But the notion that the best or only
way to protect consumers of legal services is to prevent them
from hiring people without bar
membership is based on fundamental fallacies. First, it assumes that
only governments can protect
consumers. Second, it assumes that a government-sustained monopoly
has no adverse effects that might
offset purported benefits. And third, it ignores the mechanism that
best protects the interests of all
consumers—the free market.
All UPL statutes prohibit
individuals from legally practicing law without bar membership. Bar
membership, in turn, has four
prerequisites for aspiring legal practitioners: (1) they must earn a
college degree; (2) they must
graduate from an approved law school; (3) they must pass the state’s
bar exam; and (4) they must convince
the bar that they are "of good moral character." Such criteria,
however, did not always hold.
According to Dietrich Rueschemeyer in Lawyers and Their Society,
as late as 1951, 20 percent of
American lawyers had not graduated from law school and 50 percent
had not
graduated from college.
Consumer Welfare
Lawyers argue that licensure protects
consumers from unqualified or unscrupulous practitioners, but
it is more likely that licensure
protects lawyers from competition. Many economists and even some
lawyers have assailed licensing laws
as special interest legislation that is supported by those who
want to restrict competition, not
protect the public interest. As Professor Walter Gellhorn of
Columbia Law School wrote in the
University of Chicago Law Review (1976):
Licensing has only infrequently
been imposed upon an occupation against its wishes . . .
Licensing has been eagerly
sought—always on the purported ground that licensure
protects the uninformed public
against incompetence or dishonesty, but invariably with
the consequence that members of the
licensed group become protected against
competition from newcomers.
Gellhorn’s comments apply to members
of the legal profession who sought licensing laws.

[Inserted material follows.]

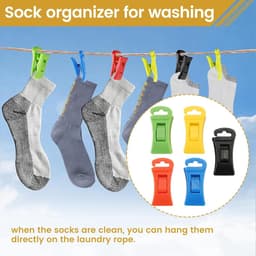 60 sokkenklemmen voor wasmachine en droger, sokkenklemmen met haken, sokkenhouder wasmachine, direct in de lade, eenvoudige installatie — thumbnail 4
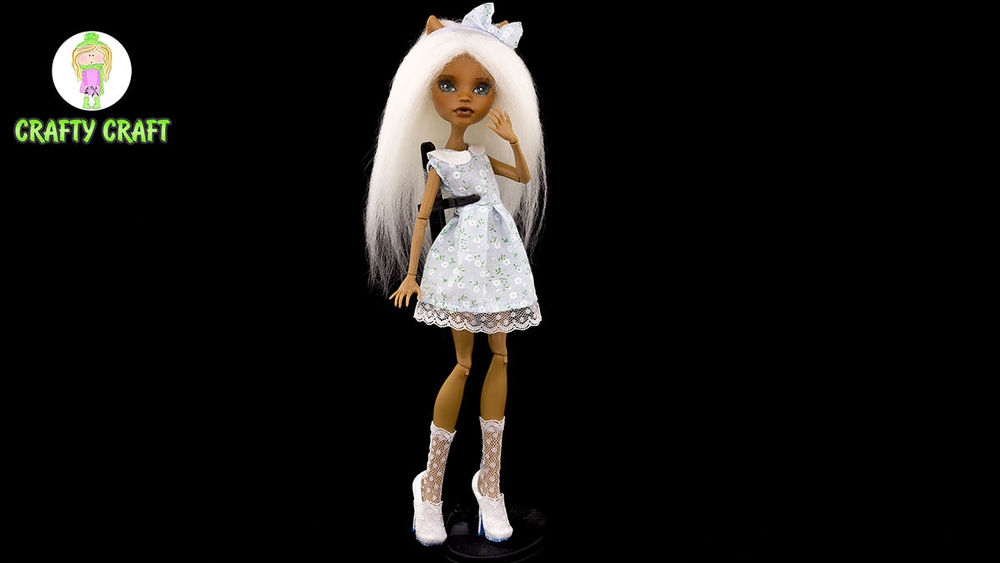 Переделка куклы: ООАК, прошивка волос шерстью, обувь и платье своими руками для куклы Монстер Хай, фото № 43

While they
argued that
licensing was for the public’s benefit, no test of competence was imposed on
those who
were
practicing law when the UPL statutes were passed.
Judge Richard Posner likens
the legal profession to a medieval guild with an elaborate structure of
internal and external controls
designed to suppress the kind of marketplace competition that it claims
is "unbefitting." In
the Indiana Law Journal (1993) Posner wrote:
[The legal profession] was an
intricately and ingeniously reticulated, though imperfect,
cartel. Governmental
regulations designed to secure the cartel against competition and
new entry from without, and
centrifugal, disintegrative competitive pressures from
within, held the cartel
together against the dangers that beset and ordinarily would
destroy
a cartel of so many members.
Cartels hold together better when
there are fewer members and the cost of meeting membership
requirements
is high. Professor Roger
Cramton of Cornell Law School wrote in the Case Western
Law Review (1994), "When the
opportunity costs of foregone income are taken into account, the
investment in human capital
presently required to become a lawyer amounts to at least $100,000."
That cost prices many potential
practitioners out of the field and requires those who can afford a
legal
education to charge high fees.
Licensure is not the sole cartel-protecting
device used by the bar. In the past, the bar restricted
competition by prohibiting
advertising and requiring adherence to bar-established fee schedules.
Those restraints, however, have been
swept away. In Goldfarb v. Virginia State Bar (1975) the
Supreme Court struck down
bar-imposed fee schedules, and in Bates v. State Bar of Arizona
(1977) the Court ruled against
advertising restrictions; both cases were argued on antitrust grounds.
UPL statutes, however, are still a
major barrier to competition in legal services.
The English Example
The practical case for permitting a
free market in legal services is supported by several case studies.
In England, for example,
conveyancing services—that is, the legal work associated with transferring
real estate titles—had been a legal
monopoly for over a century. But in the 1970s, the public
complained about the high cost of
those services. Like bar associations in the United States, the
English Law Society had restrained
competition with recommended fee scales and a prohibition
against advertising. As Avrom Sherr
and Simon Domberger wrote in the International Review of
Law and
Economics (1989),
"The conveyancing monopoly came to be viewed with increasing
hostility by aspiring homeowners and
by a government committed to greater competition."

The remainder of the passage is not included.